Items from a data source

◇ ◇ ◇

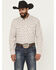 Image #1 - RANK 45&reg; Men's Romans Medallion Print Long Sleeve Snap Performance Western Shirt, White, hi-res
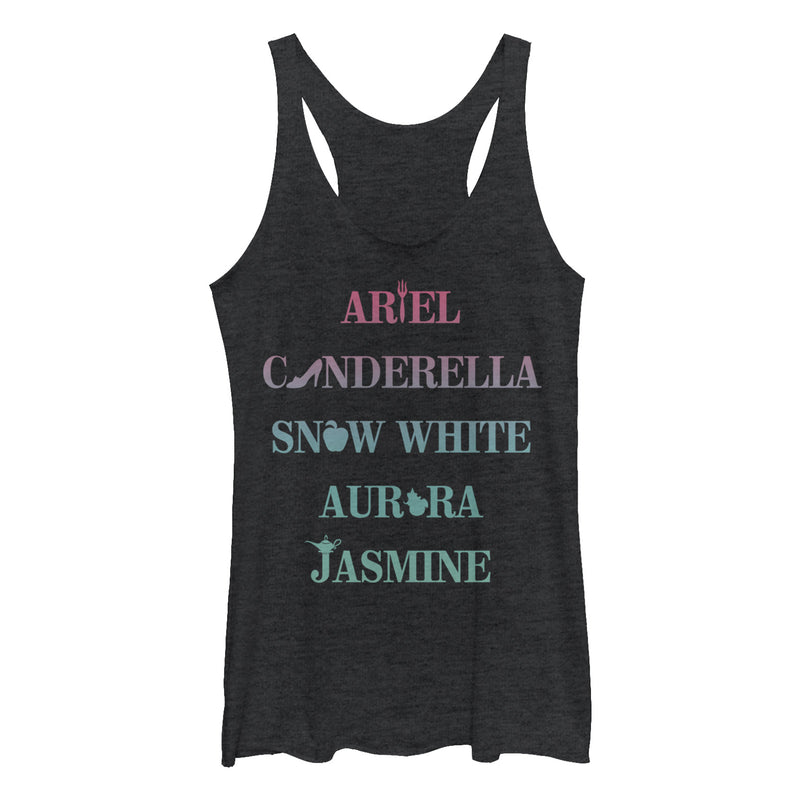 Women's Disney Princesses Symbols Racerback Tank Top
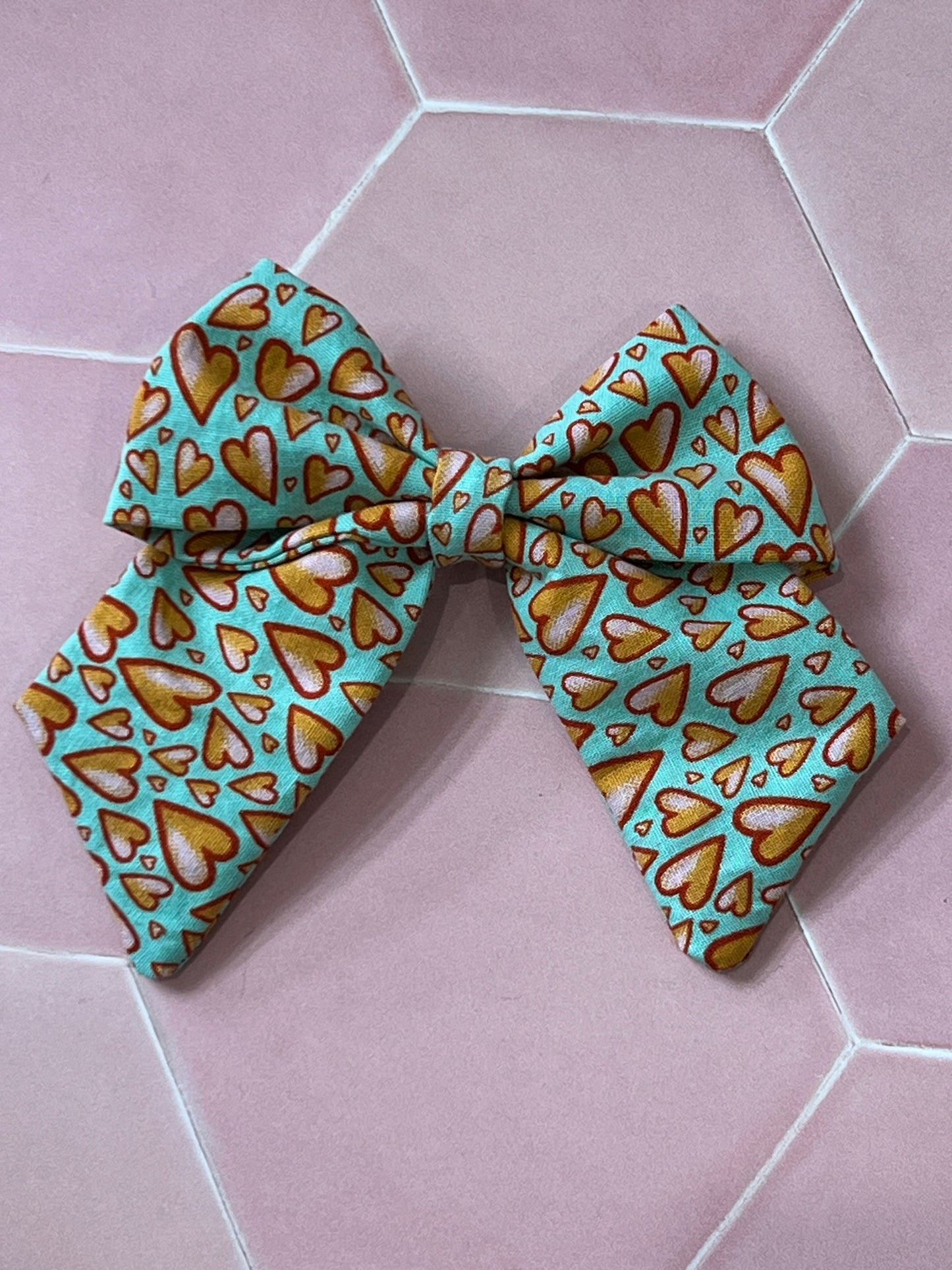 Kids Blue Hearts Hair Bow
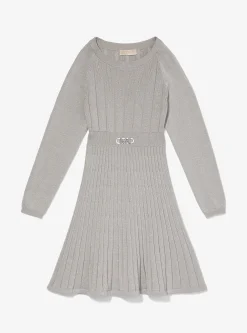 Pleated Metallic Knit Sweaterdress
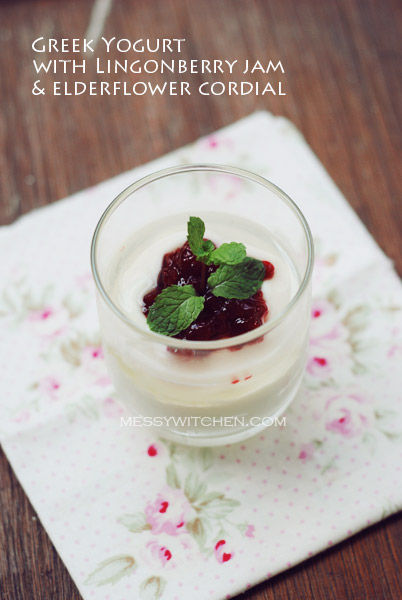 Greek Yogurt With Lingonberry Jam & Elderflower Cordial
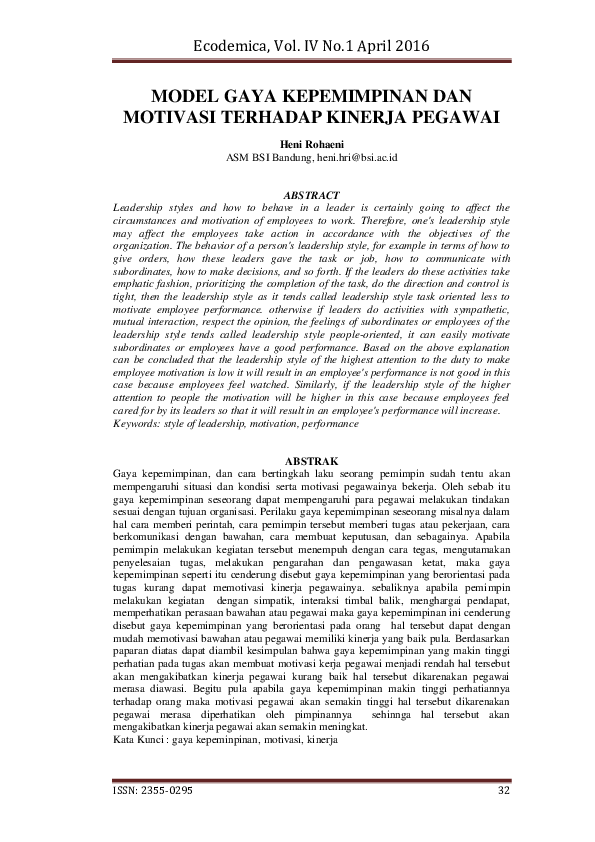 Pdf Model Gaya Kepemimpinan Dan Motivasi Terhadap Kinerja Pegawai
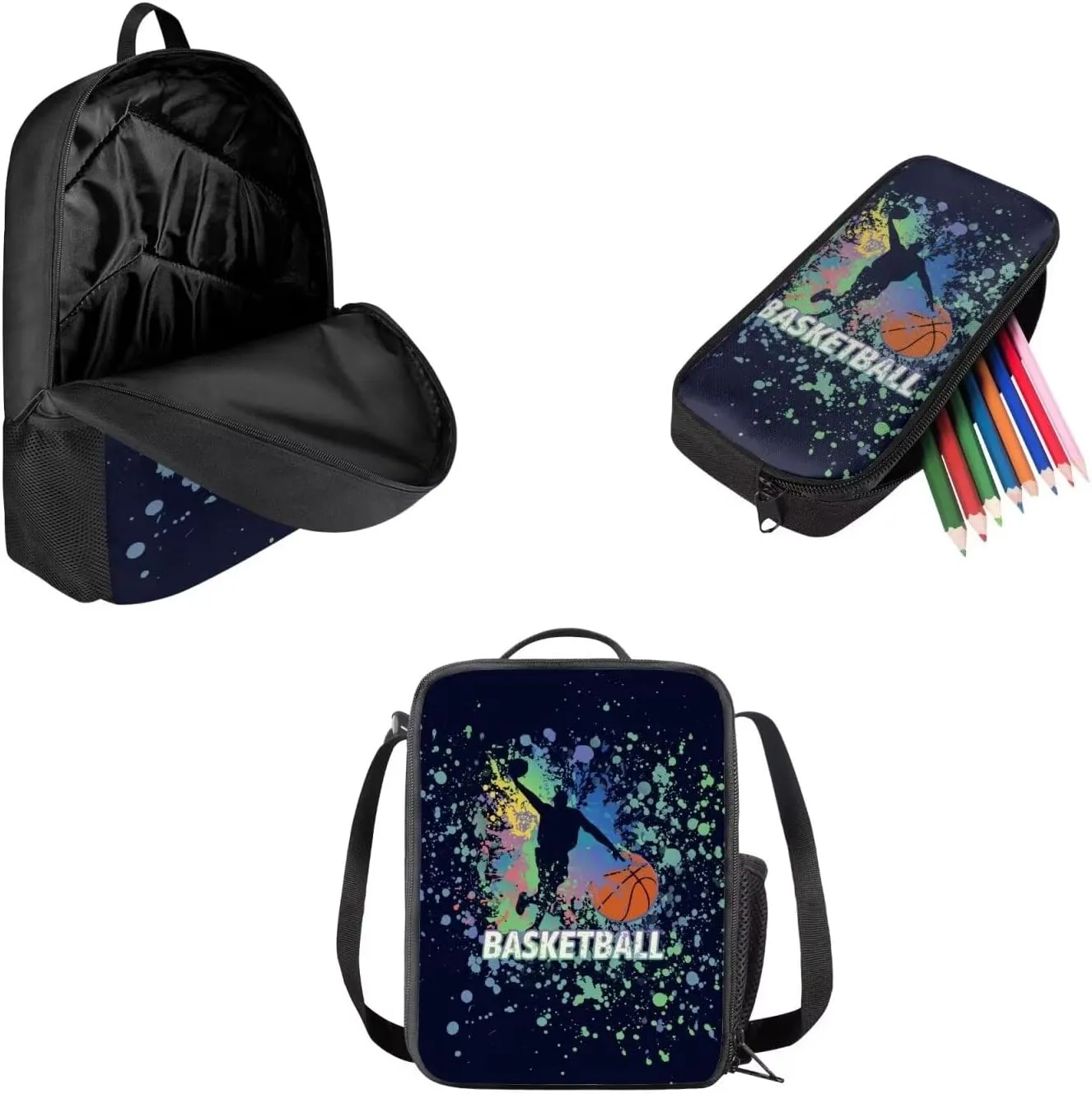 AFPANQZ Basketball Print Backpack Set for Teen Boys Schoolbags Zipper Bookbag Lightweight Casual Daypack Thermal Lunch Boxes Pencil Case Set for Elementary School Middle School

◇ ◇ ◇

Give the entries again word for word, but skip the pictures.

**SOLUTION BELOW:**
 Image #1 - RANK 45&reg; Men's Romans Medallion Print Long Sleeve Snap Performance Western Shirt, White, hi-res
 Women's Disney Princesses Symbols Racerback Tank Top
 Kids Blue Hearts Hair Bow
 Pleated Metallic Knit Sweaterdress
 Greek Yogurt With Lingonberry Jam & Elderflower Cordial
 Pdf Model Gaya Kepemimpinan Dan Motivasi Terhadap Kinerja Pegawai
 AFPANQZ Basketball Print Backpack Set for Teen Boys Schoolbags Zipper Bookbag Lightweight Casual Daypack Thermal Lunch Boxes Pencil Case Set for Elementary School Middle School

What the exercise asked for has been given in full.